*DATA EXTRACTS*

▼▼▼

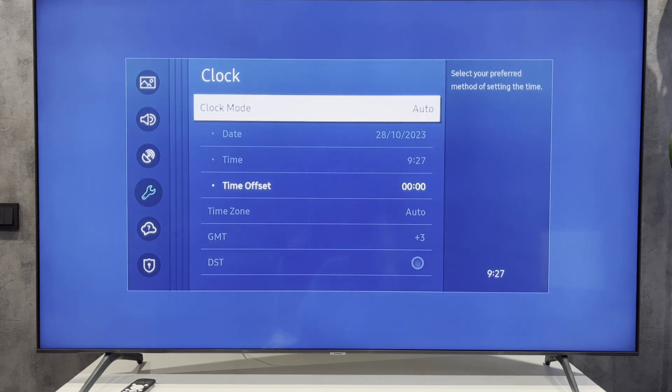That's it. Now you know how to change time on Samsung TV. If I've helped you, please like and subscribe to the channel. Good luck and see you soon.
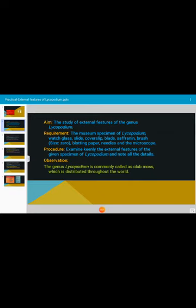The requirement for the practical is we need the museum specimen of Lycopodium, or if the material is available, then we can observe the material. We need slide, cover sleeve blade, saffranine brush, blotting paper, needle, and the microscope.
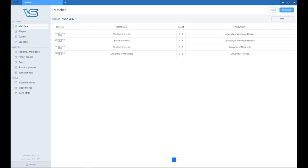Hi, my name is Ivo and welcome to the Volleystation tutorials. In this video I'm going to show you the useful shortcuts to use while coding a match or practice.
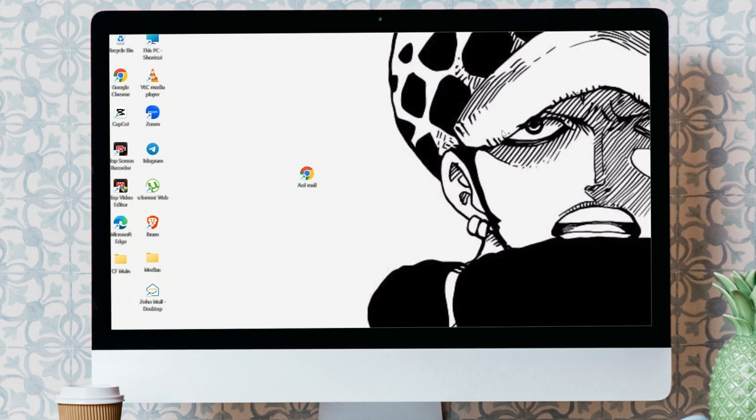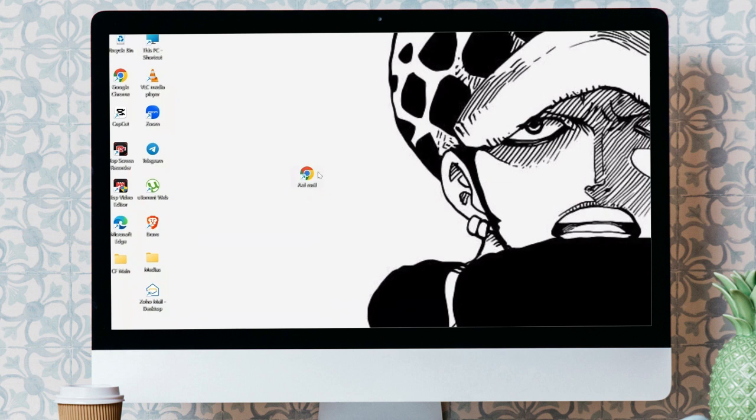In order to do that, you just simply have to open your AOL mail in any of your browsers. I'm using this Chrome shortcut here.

▲▲▲
▼▼▼

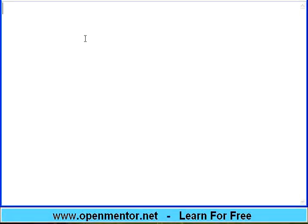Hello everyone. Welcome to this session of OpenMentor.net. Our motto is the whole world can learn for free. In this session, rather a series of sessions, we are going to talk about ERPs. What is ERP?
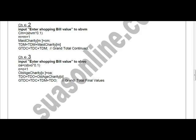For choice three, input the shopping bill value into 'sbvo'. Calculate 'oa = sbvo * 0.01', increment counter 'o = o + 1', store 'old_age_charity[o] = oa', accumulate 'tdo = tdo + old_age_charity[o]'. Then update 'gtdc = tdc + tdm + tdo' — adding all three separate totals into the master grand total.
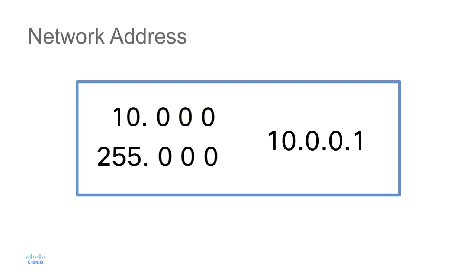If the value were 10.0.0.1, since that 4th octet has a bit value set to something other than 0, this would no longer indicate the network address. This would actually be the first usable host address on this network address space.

▲▲▲
▼▼▼

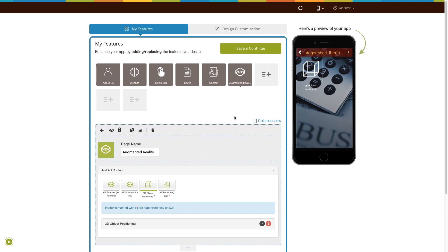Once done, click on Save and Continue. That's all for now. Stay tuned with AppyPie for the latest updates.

▲▲▲

*DESCRIPTION OF THE TASK*
Return exactly the lines that appear in the data above between the line containing "That's it. Now" and the line containing "In order to", both of which are included, and leave the pictures out.

*RESULT FOR THIS TASK*
That's it. Now you know how to change time on Samsung TV. If I've helped you, please like and subscribe to the channel. Good luck and see you soon.
The requirement for the practical is we need the museum specimen of Lycopodium, or if the material is available, then we can observe the material. We need slide, cover sleeve blade, saffranine brush, blotting paper, needle, and the microscope.
Hi, my name is Ivo and welcome to the Volleystation tutorials. In this video I'm going to show you the useful shortcuts to use while coding a match or practice.
In order to do that, you just simply have to open your AOL mail in any of your browsers. I'm using this Chrome shortcut here.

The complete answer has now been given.